On Dashami, Maa Durga is given a grand farewell before she is immersed in the river water. Married women offer vermilion and sweets to the goddess.
After that, they smear each other with vermilion playfully. It is believed that this ritual will bring good fortune for their family and help their husbands live longer.
The five-day festival will come to an end with immersion of idols of goddess Durga and her offspring – Ganesha, Karitik, Laxmi and Saraswati – and devotees will receive Shantijol (sacred water from where deities are
immersed) on that day of Bijoya Dashami.
This is a bittersweet day. The goddess and her children are taken out of
their earthly abode or the pandal for Bisarjan or immersion in the river.
This indicates her return to Mount Kailash. Devotees often shout “Aschhe
bochhor abar hobe” (Durga Puja will return next year again).
In the past, the idols were carried on bamboo structures. However, nowadays the idols are transported in trucks or pickup vans to riverbanks and then they are placed in a boat and taken to the middle of the river for immersion.
After immersion of idols, young members of the family touch the feet of the elders to seek blessings. Some hug each other (kolakuli). Sweets such as chomchom, kalojam, sandesh, narkeler naru (mounds made of coconut and
jaggery) are distributed on this day.
In the capital Dhaka, the main puja mandaps are at Dhakeshwari National
Temple, Ramkrishna Mission and Math, Kalabagan, Banani, Shakhari Bazar and Ramna Kali Mandir.

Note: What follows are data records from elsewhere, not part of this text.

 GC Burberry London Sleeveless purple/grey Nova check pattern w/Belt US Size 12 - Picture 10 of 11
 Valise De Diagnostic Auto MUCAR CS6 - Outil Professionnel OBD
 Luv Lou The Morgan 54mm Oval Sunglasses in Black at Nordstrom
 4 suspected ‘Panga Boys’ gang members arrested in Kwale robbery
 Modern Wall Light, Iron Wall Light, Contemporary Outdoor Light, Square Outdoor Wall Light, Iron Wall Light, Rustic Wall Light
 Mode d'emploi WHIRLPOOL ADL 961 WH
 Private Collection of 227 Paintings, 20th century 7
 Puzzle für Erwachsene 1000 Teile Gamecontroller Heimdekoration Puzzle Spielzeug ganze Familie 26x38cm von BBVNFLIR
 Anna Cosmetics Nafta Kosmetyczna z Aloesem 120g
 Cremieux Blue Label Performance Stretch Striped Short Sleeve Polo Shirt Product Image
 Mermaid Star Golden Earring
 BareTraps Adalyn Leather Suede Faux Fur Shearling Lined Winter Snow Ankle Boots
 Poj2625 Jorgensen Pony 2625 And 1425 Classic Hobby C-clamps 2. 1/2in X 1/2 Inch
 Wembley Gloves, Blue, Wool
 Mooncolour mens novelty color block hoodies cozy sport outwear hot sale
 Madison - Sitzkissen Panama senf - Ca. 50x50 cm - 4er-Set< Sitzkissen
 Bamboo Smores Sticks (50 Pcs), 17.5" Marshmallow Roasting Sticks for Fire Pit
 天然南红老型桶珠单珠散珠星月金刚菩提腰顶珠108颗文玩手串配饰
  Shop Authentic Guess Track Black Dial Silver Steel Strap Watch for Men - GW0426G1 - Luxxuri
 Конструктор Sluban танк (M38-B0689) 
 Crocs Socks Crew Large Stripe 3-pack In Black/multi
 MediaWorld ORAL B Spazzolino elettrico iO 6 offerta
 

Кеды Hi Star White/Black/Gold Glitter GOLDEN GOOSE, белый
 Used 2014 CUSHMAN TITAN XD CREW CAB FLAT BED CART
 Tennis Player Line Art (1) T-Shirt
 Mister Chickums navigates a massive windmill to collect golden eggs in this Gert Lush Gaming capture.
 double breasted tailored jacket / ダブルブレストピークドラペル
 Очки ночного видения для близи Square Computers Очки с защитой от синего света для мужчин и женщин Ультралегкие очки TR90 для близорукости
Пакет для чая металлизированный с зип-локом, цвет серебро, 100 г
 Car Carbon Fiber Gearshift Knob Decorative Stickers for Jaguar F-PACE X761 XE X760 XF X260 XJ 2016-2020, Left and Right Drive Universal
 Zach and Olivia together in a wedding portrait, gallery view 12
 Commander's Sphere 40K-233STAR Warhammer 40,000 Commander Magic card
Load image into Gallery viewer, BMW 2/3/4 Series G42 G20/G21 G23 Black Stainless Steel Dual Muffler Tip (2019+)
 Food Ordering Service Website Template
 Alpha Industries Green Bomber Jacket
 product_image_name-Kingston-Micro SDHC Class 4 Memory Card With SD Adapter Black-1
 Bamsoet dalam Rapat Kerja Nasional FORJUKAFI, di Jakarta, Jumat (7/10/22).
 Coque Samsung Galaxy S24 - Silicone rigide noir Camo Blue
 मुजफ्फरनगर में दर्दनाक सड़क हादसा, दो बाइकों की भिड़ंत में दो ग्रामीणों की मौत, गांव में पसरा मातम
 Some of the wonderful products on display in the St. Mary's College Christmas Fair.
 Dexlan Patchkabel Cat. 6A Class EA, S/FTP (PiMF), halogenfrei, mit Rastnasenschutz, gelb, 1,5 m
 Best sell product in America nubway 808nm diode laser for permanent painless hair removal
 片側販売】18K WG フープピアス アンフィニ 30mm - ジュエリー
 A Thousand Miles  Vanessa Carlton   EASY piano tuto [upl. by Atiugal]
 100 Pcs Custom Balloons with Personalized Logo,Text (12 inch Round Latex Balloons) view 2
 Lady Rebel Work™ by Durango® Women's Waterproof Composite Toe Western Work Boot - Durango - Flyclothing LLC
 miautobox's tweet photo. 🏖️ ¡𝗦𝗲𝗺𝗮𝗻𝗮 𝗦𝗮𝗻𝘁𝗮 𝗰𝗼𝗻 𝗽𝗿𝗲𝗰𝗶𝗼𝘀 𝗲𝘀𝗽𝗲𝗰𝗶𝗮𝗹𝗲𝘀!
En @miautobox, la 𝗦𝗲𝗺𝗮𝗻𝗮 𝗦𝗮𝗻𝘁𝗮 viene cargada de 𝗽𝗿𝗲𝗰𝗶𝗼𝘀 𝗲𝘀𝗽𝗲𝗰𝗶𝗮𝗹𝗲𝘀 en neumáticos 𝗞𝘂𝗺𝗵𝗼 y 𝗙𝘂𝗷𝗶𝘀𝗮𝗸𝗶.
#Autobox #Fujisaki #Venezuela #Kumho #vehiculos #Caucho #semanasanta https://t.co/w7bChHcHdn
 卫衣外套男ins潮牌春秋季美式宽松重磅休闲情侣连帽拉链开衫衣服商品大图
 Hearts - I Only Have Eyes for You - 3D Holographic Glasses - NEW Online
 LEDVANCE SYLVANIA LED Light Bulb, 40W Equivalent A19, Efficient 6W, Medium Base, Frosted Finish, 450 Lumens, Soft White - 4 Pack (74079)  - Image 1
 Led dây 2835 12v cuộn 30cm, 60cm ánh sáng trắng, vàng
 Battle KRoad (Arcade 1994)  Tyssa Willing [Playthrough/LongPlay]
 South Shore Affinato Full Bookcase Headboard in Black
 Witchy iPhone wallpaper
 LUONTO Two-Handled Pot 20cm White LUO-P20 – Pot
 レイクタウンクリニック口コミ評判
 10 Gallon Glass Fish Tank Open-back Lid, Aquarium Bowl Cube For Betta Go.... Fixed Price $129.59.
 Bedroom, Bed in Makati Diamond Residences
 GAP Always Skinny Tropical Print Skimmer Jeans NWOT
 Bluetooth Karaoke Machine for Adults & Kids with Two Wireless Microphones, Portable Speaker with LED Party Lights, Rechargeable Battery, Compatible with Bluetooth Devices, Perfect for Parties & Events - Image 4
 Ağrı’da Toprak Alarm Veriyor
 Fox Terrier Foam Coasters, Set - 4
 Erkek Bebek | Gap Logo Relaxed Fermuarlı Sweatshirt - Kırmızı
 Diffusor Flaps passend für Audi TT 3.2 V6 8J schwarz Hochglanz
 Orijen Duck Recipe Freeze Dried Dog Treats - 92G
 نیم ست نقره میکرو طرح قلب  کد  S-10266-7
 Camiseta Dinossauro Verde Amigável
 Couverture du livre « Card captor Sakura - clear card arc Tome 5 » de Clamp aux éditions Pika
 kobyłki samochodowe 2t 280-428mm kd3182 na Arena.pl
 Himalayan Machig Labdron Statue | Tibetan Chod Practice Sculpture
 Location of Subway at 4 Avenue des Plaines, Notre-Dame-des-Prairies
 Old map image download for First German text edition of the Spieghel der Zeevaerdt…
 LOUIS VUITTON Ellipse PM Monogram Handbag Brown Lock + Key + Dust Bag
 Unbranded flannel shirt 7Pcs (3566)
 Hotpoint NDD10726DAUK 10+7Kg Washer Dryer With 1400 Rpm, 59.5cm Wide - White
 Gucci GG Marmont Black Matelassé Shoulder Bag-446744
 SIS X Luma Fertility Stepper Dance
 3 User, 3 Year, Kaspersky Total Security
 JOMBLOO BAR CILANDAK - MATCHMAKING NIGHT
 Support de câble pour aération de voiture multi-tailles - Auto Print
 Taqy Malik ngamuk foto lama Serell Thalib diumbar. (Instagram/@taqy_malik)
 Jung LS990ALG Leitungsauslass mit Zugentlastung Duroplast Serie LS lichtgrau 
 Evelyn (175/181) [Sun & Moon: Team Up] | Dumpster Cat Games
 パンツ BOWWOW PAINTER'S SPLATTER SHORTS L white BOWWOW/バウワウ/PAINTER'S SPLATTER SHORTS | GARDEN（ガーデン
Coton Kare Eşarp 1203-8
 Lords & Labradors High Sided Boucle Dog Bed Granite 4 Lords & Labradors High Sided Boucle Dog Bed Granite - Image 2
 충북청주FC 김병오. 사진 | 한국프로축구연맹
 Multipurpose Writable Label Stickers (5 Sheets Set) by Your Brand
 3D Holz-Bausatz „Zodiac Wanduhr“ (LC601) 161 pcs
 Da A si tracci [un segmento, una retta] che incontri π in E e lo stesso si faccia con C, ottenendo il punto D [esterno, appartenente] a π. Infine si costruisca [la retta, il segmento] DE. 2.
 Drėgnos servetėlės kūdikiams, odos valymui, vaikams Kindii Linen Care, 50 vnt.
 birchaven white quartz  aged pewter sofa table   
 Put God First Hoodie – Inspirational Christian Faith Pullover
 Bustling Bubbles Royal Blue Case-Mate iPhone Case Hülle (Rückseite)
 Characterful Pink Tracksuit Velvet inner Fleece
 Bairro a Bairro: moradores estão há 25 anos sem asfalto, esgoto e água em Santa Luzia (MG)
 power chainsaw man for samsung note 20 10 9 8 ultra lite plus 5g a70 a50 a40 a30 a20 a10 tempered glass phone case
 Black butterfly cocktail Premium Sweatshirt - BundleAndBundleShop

In major divisional cities including port city Chattogram, Rajshahi, Khulna and Sylhet and district towns including Narayanganj, Faridpur, Dinajpur, Jashore, Kushtia, Netrakona, Tangail, Satkhira, are also witnessing massive celebration of Durga Puja.
Durga Puja is being celebrated at 32,408 mandaps across the country this year including 245 in the capital, according to Bangladesh Puja Udjapan Parishad (BPUP).
BPUP general secretary Prof Chandranath Poddar said the country saw Durga
Puja celebration at 32,168 mandaps including 241 in the capital last year.
Stringent security measures have taken across the country during the
celebration of Durga Puja to avert any untoward situation.